Were there genres of music that was considered threatening or a corrupting influence before the 20th century, the way that jazz and rock and rap were?

by MisterBadIdea2
caffarelli

To the 18th century Englishman, opera was a decadent Italian export, and this fad for opera among the rich was nothing so much as killing fine traditional English theater like Shakespeare. (take a look a what's in the wastepaper wheelbarrow)

To begin with, opera is sung in foreign, specifically Italian, which is the worst sort of foreign, it's Catholic foreign. 18th century England was very anti-Catholic. Homes of Italian opera singers were targeted during the Gordon Riots, though the Wikipedia article doesn't make mention of this. Secondly, Italians and Catholics are associated in the English mind with sodomy, an exotic, Eastern practice spreading ever westward through, yes of course, Catholics.^1 The 1730s, when London would for the first time support two opera houses at once (if not for long), was also the height of the work of the notorious Society for the Reformation of Manners and their raids on mollyhouses (gay brothels.)

Sodomy of course goes hand in hand with another decadent Eastern practice the opera was flaunting about on stage - eunuchs. Eunuchs, with their unspoken promises of risk free, pleasure driven sex, where a threat to the virtue of English women.^2 So threatening that anti-eunuch propaganda was quickly translated from the original French to English so its important message of the ultimate downfall (and sexual unfulfillment) awaiting any woman who dared to fall in love with a castrato could be disseminated.

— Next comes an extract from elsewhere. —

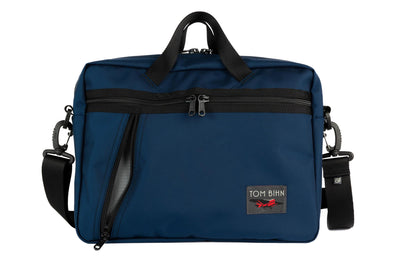visible variant TB0722-DKGL^^Daylight Briefcase in Deep Blue (dark blue) Ballistic in Mountain Grey (grey with a light grey grid) 210 Cerylon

I'll sum it up with this selection from a poem of 1726:

I hate this Singing in an unknown Tongue
It does our Reaſon and our Senſes wrongs 
When Words inſtruct, and Muſic chears the Mind : 
Then is the Art of Service to Mankind : 
But when a Foreign Ox, of monſtrous Size! 
Squeaks out a Treble, Shrill as Infants cries, 
I curſe the unintelligible Aſs, 
Who may, for ought I know, be ſinging Maſs. 

(available online here.)

Opera was full of eunuchs, sodomites, and Catholics, and you really couldn't trust it.


  1. For a good overview on the relationship between the English, Italian opera, and sodomy, look at the first chapter of Handel as Orpheus although it is covered in other works too.

  2. For more on the castrati as a sexual idea and that idea's relationship with English femininity, see "'There will be all the world there': Sexual Trouble and the Fans of Farinelli in Henry Fielding’s The Historical Register" by Liberty Smith, published in this book

erus

Plato tells us (in book III of the Republic [I am not knowledgeable in the classics, I just linked that translation for convenience]) of the importance of the arts because of how they affect people. Music (which was probably very related to poetry) was considered particularly powerful because it was considered to be able to greatly affect people's emotions and have a strong influence in behaviour and even character.

Music was to be considered an important part of the education of the citizens. If you exposed people (particularly the young) to the "wrong" kind of music, you could be affecting those people deeply enough to get the "wrong" kind of citizens in the future. At first you were supposed to expose people only to the "good" music, the one that would affect people in a positive way. Virtuous people with strong character could take the evil stuff, but you were not supposed to throw that kind of thing at those who were not ready.

What kind of music was he talking about? It is not so clear. We don't not know that much about ancient Greek music... He makes references to music that used some specific scales (which could have had some specific mannerisms attached), but there's nothing telling us exactly what was good and what was bad.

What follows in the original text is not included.